TASK BRIEF
Once the pictures are set aside, copy the records below exactly as they stand.

*** DATA Section Begins ***

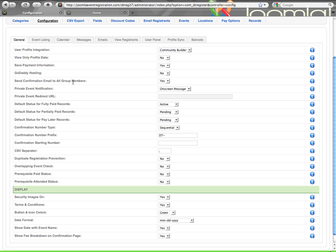Send confirmation email to all group members. In a group member registration, if it's an advanced registration where you enter information for each member of the group, here you can designate whether the confirmation email is sent to just the main group person or to every member in the group.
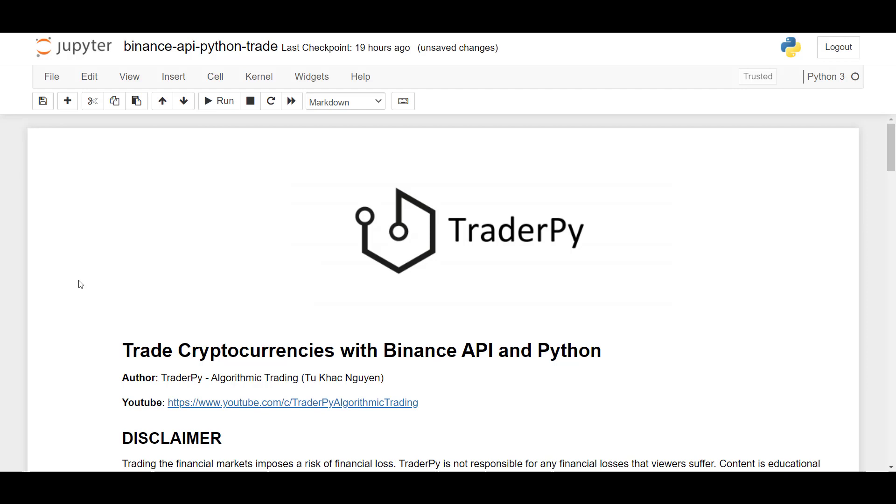So in the last video, I've shown you how to access crypto market data. And what we'll focus on in this video is to send actual orders to the Binance exchange.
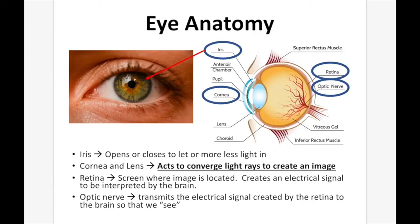Eye anatomy. The iris opens or closes to let more or less light in. It's located on the outside and is our colored area. The cornea and lens act to converge light rays and create an image — the cornea is on the outside, the lens on the inside. The retina is the screen where the image is formed; it creates an electrical signal interpreted by the brain and is located at the back of the eye. The optic nerve transmits that electrical signal to the brain.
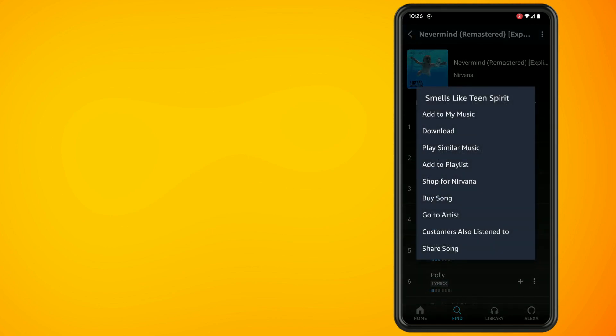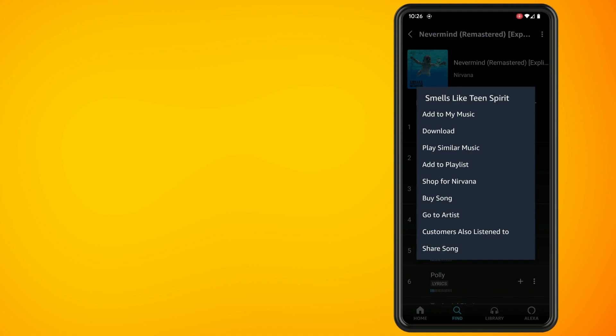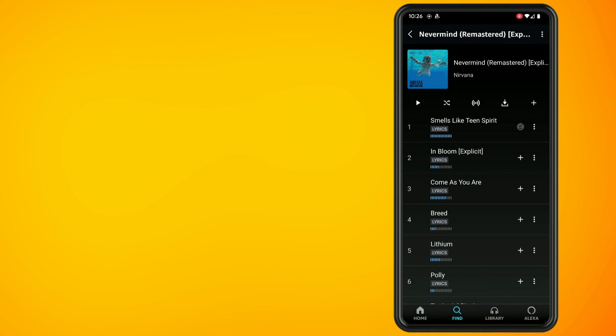Now, if you want to download an entire album, you can see a button here with the downward arrow. If I tap on that, that will allow me to download the full album.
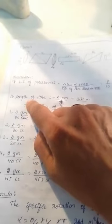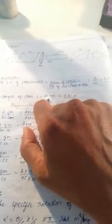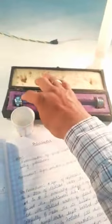Next, how to measure the length of the tube. You can measure the length of the polarimeter tube from this point to this point — total length — using an ordinary scale.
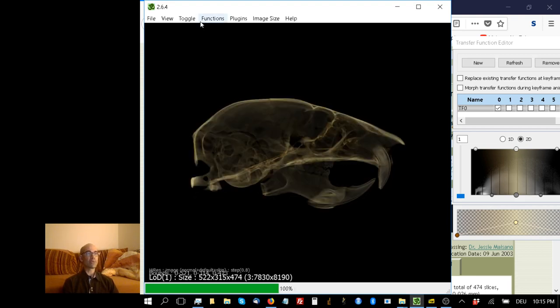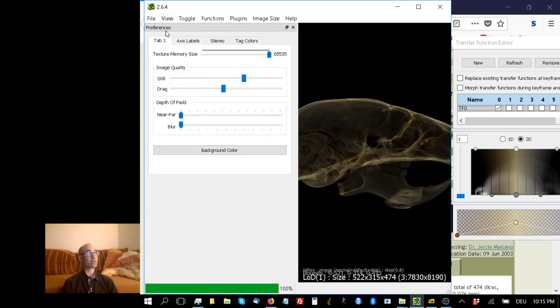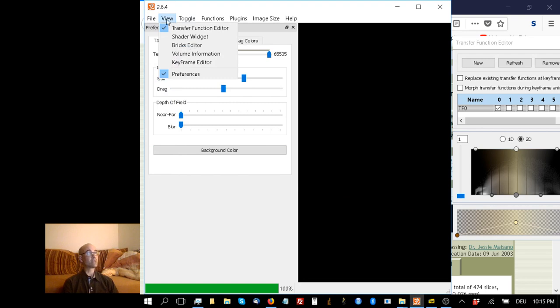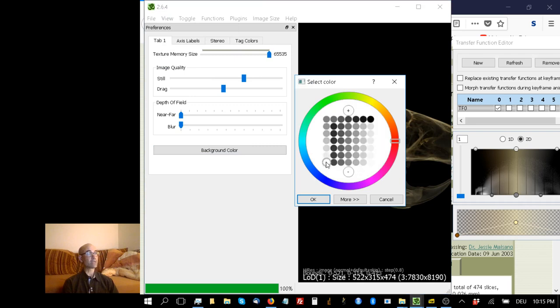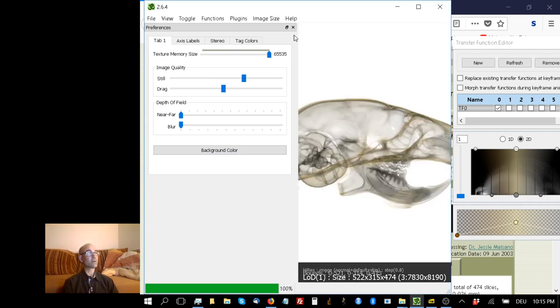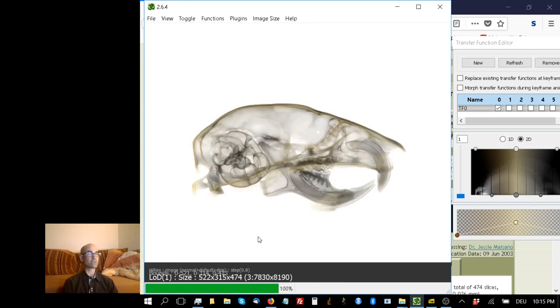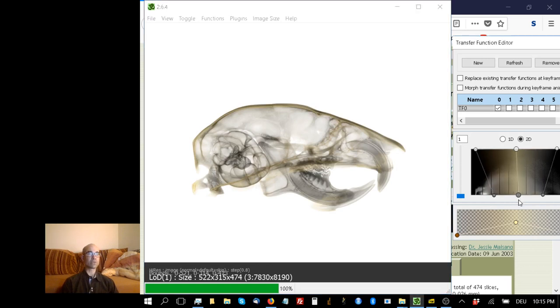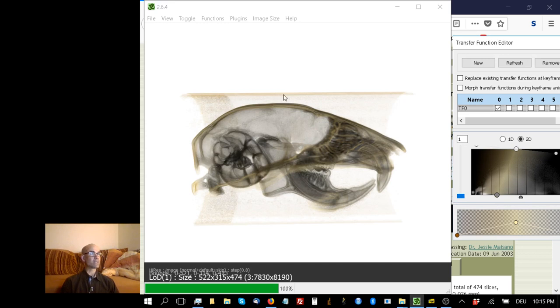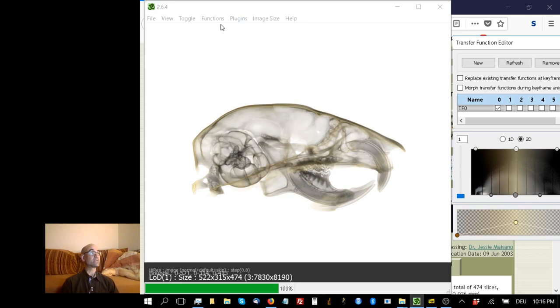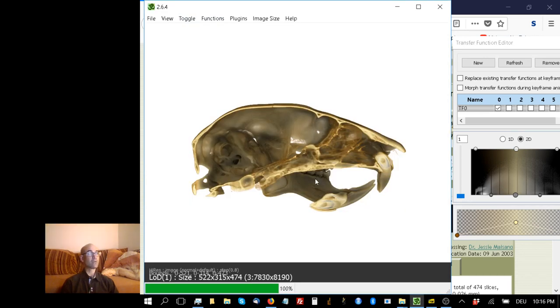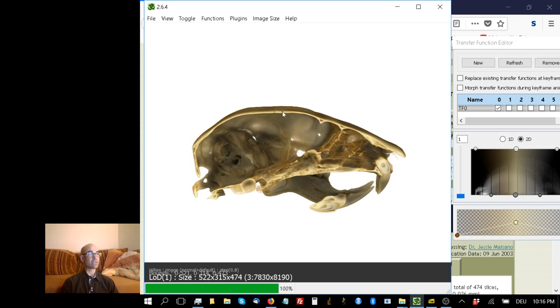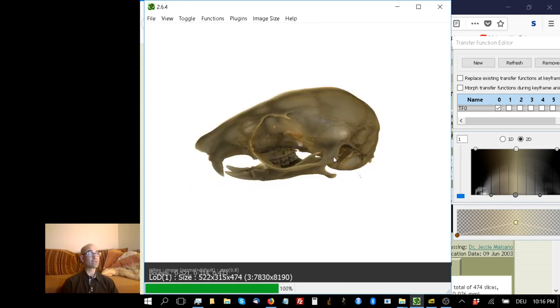We have some work to do because we can make this better. First, I personally prefer a white background to a black background. I go to View Preferences, click on background color, and select white. It's a little better, but the bone is still quite translucent. Another option is to go under Toggle and untick skip empty regions. That's much better - it's rendering more of the voxels that I want it to. That bone is a little more opaque. We can see sutures, roots of teeth, all sorts of anatomical goodies.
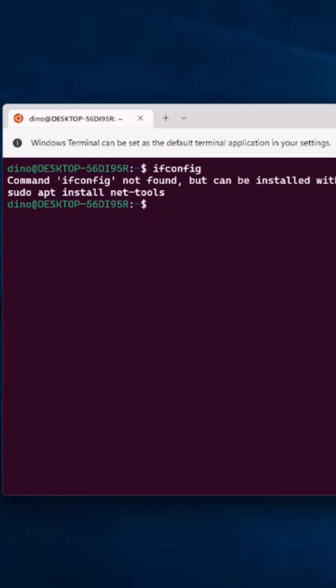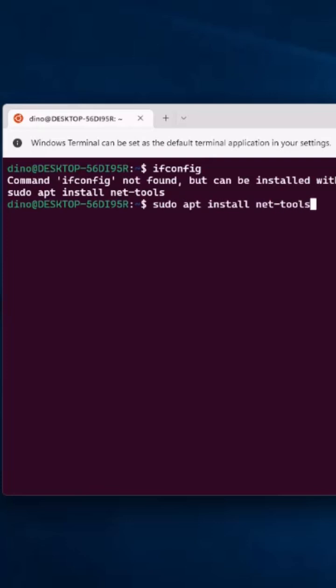So it's pretty easy to remember since you can do that. The command is actually sudo apt install and then net-tools, and then just hit enter.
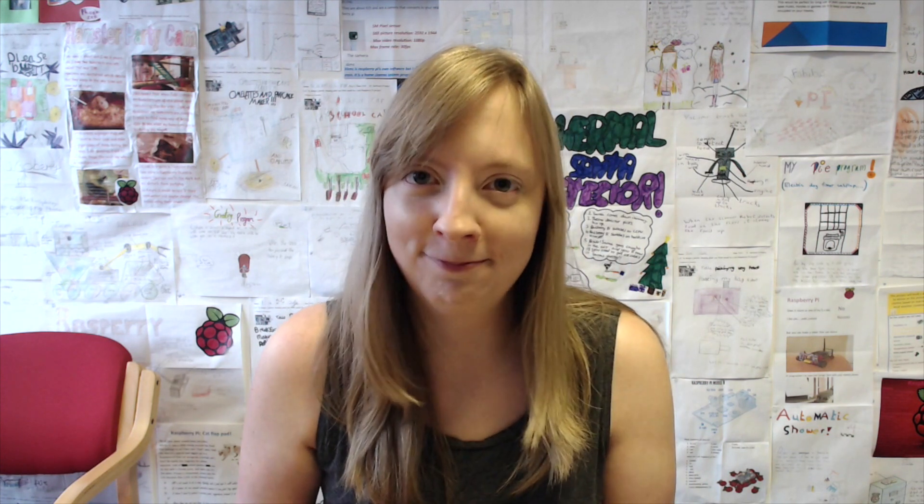My name is Carrie-Anne, you've been watching the Geek Girl Diaries, and remember, just a mouse click away.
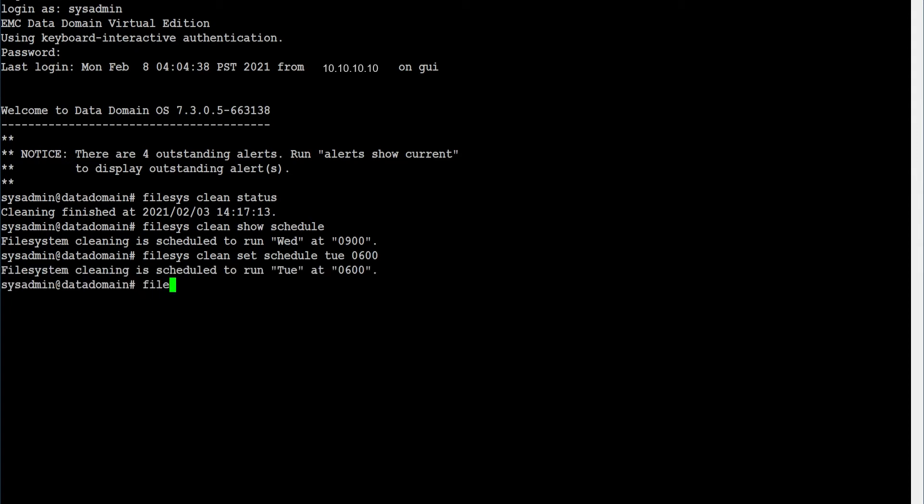Verify the new schedule using command: filesys clean show schedule.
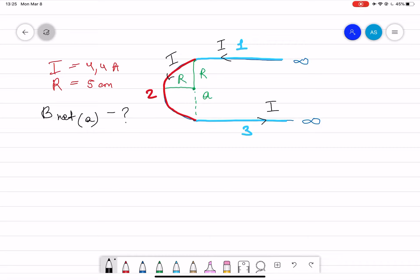A long hairpin is formed by bending an infinitely long wire as shown. If a current of 4.4 amperes is set up in the wire, what is the magnitude of the magnetic field at point A? Assume that r is equal to 5 centimeters. So we have to find the net magnetic field or total magnetic field at point A.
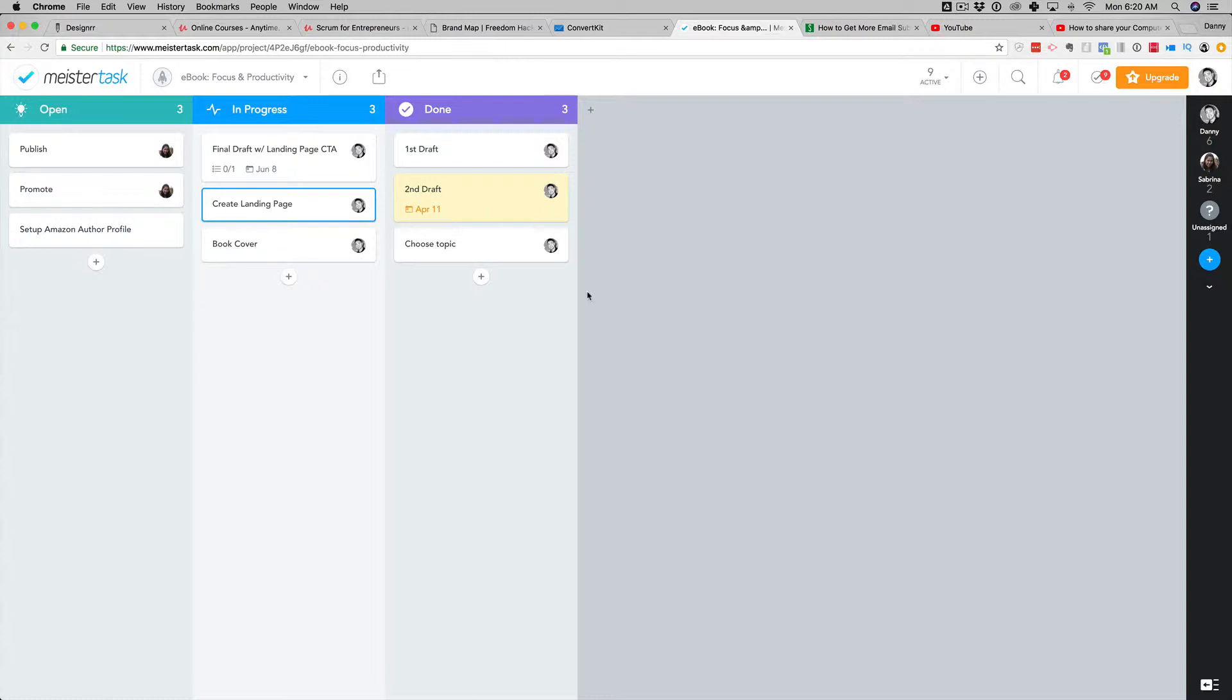I've tried a lot of project management applications over the years. And as an agile project manager in the software space,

*** DATA Section Ends ***

SOLVED EXERCISE
Send confirmation email to all group members. In a group member registration, if it's an advanced registration where you enter information for each member of the group, here you can designate whether the confirmation email is sent to just the main group person or to every member in the group.
So in the last video, I've shown you how to access crypto market data. And what we'll focus on in this video is to send actual orders to the Binance exchange.
Eye anatomy. The iris opens or closes to let more or less light in. It's located on the outside and is our colored area. The cornea and lens act to converge light rays and create an image — the cornea is on the outside, the lens on the inside. The retina is the screen where the image is formed; it creates an electrical signal interpreted by the brain and is located at the back of the eye. The optic nerve transmits that electrical signal to the brain.
Now, if you want to download an entire album, you can see a button here with the downward arrow. If I tap on that, that will allow me to download the full album.
Next, how to measure the length of the tube. You can measure the length of the polarimeter tube from this point to this point — total length — using an ordinary scale.
We have some work to do because we can make this better. First, I personally prefer a white background to a black background. I go to View Preferences, click on background color, and select white. It's a little better, but the bone is still quite translucent. Another option is to go under Toggle and untick skip empty regions. That's much better - it's rendering more of the voxels that I want it to. That bone is a little more opaque. We can see sutures, roots of teeth, all sorts of anatomical goodies.
So it's pretty easy to remember since you can do that. The command is actually sudo apt install and then net-tools, and then just hit enter.
My name is Carrie-Anne, you've been watching the Geek Girl Diaries, and remember, just a mouse click away.
Verify the new schedule using command: filesys clean show schedule.
A long hairpin is formed by bending an infinitely long wire as shown. If a current of 4.4 amperes is set up in the wire, what is the magnitude of the magnetic field at point A? Assume that r is equal to 5 centimeters. So we have to find the net magnetic field or total magnetic field at point A.
I've tried a lot of project management applications over the years. And as an agile project manager in the software space,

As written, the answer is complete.